Generating column statistics - AWS Glue

Generating column statistics

Follow these steps to manage statistics generation in the Data Catalog using AWS Glue console or AWS CLI.

Console
To generate column statistics using the console
  1. Sign in to the AWS Glue console at https://console.aws.amazon.com/glue/.

  2. Choose Data Catalog tables.

  3. Choose a table from the list.

  4. Choose Generate statistics under Actions menu.

    You can also choose Generate statistics button under Column statistics tab in the lower section of the Tables page.

  5. On the Generate statistics page, specify the following options:

    The screenshot shows the options available to generate column stats.
    • Table (all columns) – Choose this option to generate statistics for all columns in the table.

    • Selected columns – Choose this option to generate statistics for specific columns.
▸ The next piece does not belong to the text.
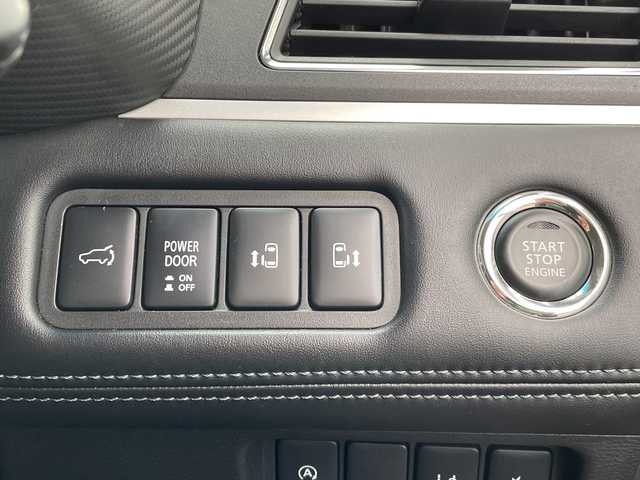 三菱 デリカＤ：５ P 新潟県 2019(平31)年 4.7万km ウォームホワイトパール 4WD/純正10.1インチSDナビ/CD/DVD/BT/フルセグテレビ/SDミュージックサーバー/全方位カメラ/ETC/ドライブレコーダー/衝突被害軽減ブレーキ/レーンキープアシスト/レーダークルーズコントロール/両側パワースライドドア/運転席パワーシート/シートヒーター/パドルシフト/ステアリングスイッチ/パワーバックドア/スマートキー/プッシュスタート/LEDヘッドライト/オートライト/フォグランプ/純正18インチアルミホイール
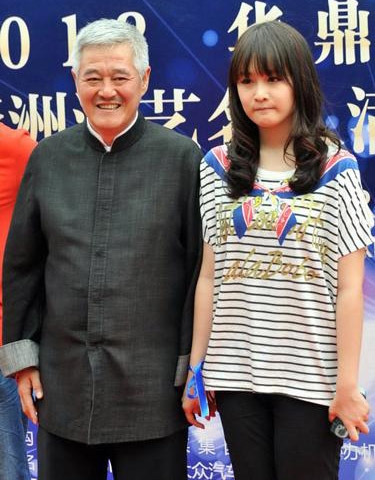 【娱情小卖部】七十二期：赵本山女儿球球：加我微信先刷12万礼物，网友：值12块吗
You can select the columns from the drop-down list.

    • All rows – Choose all rows from the table to generate accurate statistics.
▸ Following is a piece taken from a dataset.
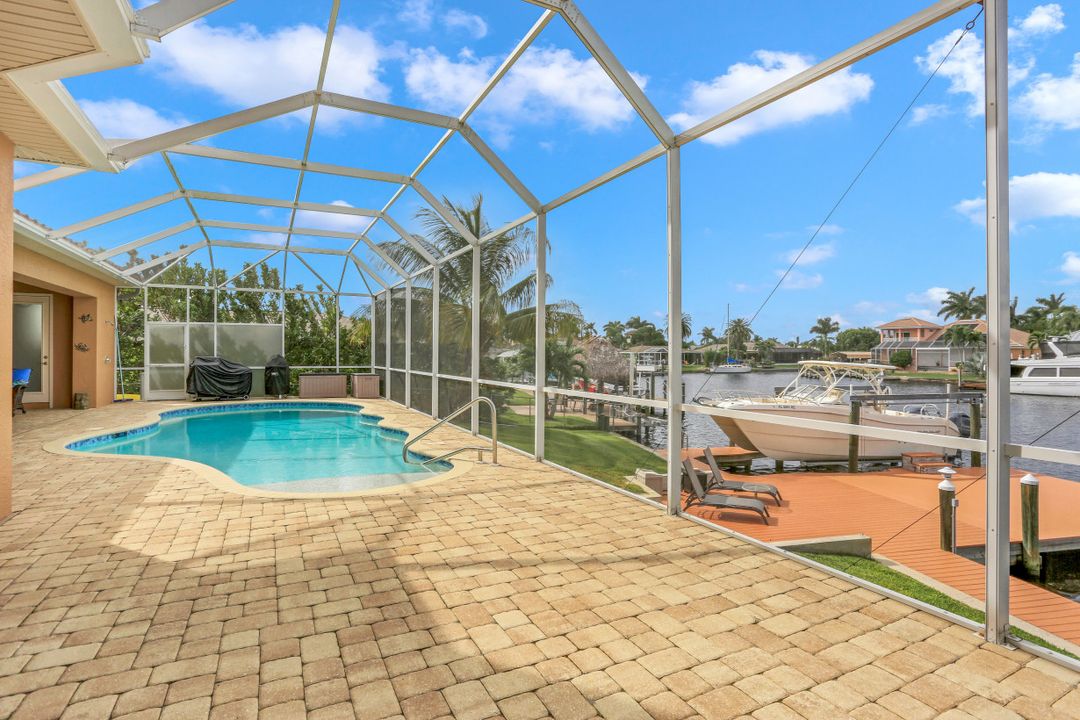 719 Coral Dr, Cape Coral, FL 33904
    • Sample rows – Choose only a specific percent of rows from the table to generate statistics. The default is all rows. Use the up and down arrows to increase or decrease the percent value.

      Note

      We recommend to include all rows in the table to compute accurate statistics. Use sample rows to generate column statistics only when approximate values are acceptable.
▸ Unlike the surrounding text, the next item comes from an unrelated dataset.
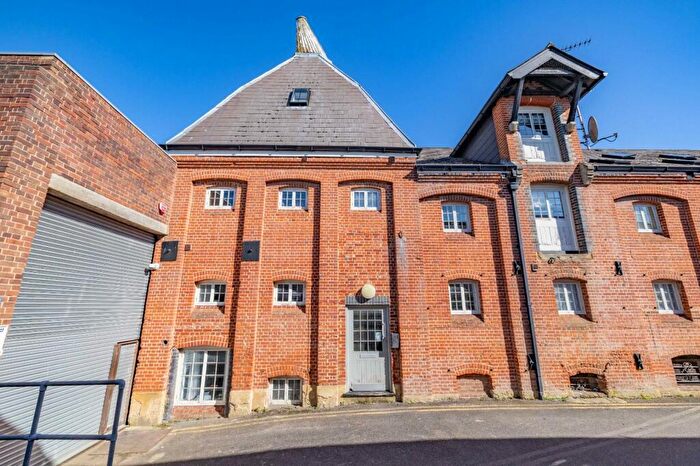 2 Bedroom Maisonette To Rent In Roper Road, Canterbury, Kent, CT2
  6. (Optional) Next, choose a security configuration to enable at-rest encryption for logs.

  7. Choose Generate statistics to run the process.

AWS CLI

In the following example, replace values for DatabaseName, TableName, and ColumnNameList with actual database, table, and column names. Replace account ID with a valid AWS account, and role name with the name of the IAM role that you're using to generate statistics.

aws glue start-column-statistics-task-run --input-cli-json file://input.json { "DatabaseName": "<test-db>", "TableName": "<test-table>", "ColumnNameList": [ "<column1>", "<column2>", ], "Role": "arn:aws:iam::<123456789012>:role/<Stats-Role>", "SampleSize": 10.0 }

You can generate column statistics also by calling the StartColumnStatisticsTaskRun operation.